Intro
A lightweight node spider. Supports:
- FollowLink
- Csutom headers
- Bloom filter
- Retry mechanism
- Proxy Request
- Routing
- Crawling from last visited link
- Free use of parser and memory
Usage
import { Crawler, userAgent } from 'ngrab'
import cheerio from 'cheerio'
let crawler = new Crawler({
name: 'myCrawler',
bloom: true,
interval: () => (Math.random() * 16 + 4) * 1000,
startUrls: ['https://github.com/trending'],
})
crawler.download('trending', async ({ req, res, followLinks, resolveLink }) => {
if (!res) return
let $ = cheerio.load(res.body.toString())

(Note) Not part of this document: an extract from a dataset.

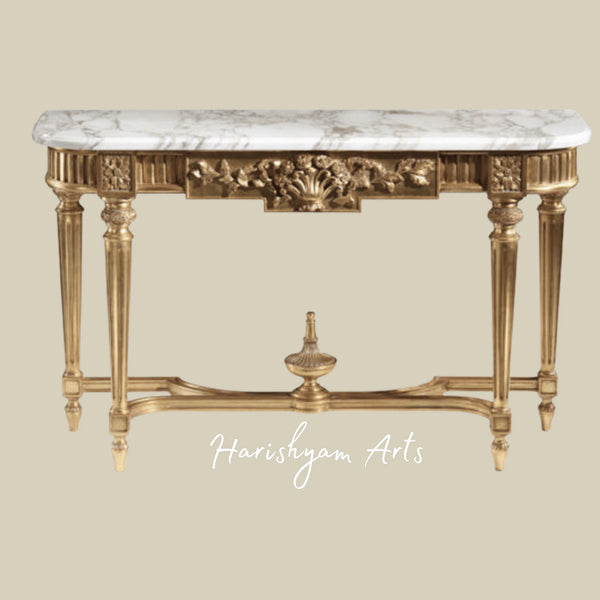 Regal Gold Console Table with White Marble Top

let repoList: Array<{ name: string; href: string }> = [],
$rows = $('.Box-row')
if ($rows.length) {
$rows.each(function (index) {
let $item = $(this)
repoList.push({
name: $('.lh-condensed a .text-normal', $item)
.text()
.replace(/\s+/g, ' ')
.trim(),
href: $('.lh-condensed a', $item).attr('href') as string,
})
})
console.log(repoList)
}
})
crawler.run()
The request hook will execute before each request:
crawler.request('headers', async (context) => {
Object.assign(context.req.headers, {
'Cache-Control': 'no-cache',
'User-Agent': userAgent(),
Accept: '*/*',
'Accept-Encoding': 'gzip, deflate, compress',
Connection: 'keep-alive',
})
})
Routes
Instead of parsing everything in 'crawler.download()', you can split the parsing code into different routes:
crawler.route({
url: 'https://github.com/trending',
async download(({req, res})){
}
})
crawler.route({
url: 'https://github.com/*/*',
async download(({req, res})){
}
})
crawler.route({
url: 'https://github.com/*/*/issues',
async download(({req, res})){
}
})
Proxy
You can provider a proxy server getter when initializing the crawler:
let crawler = new Crawler({
name: 'myCrawler',
startUrls: ['https://github.com/trending'],
async proxy() {
let url = await getProxyUrlFromSomeWhere()
return url
},
})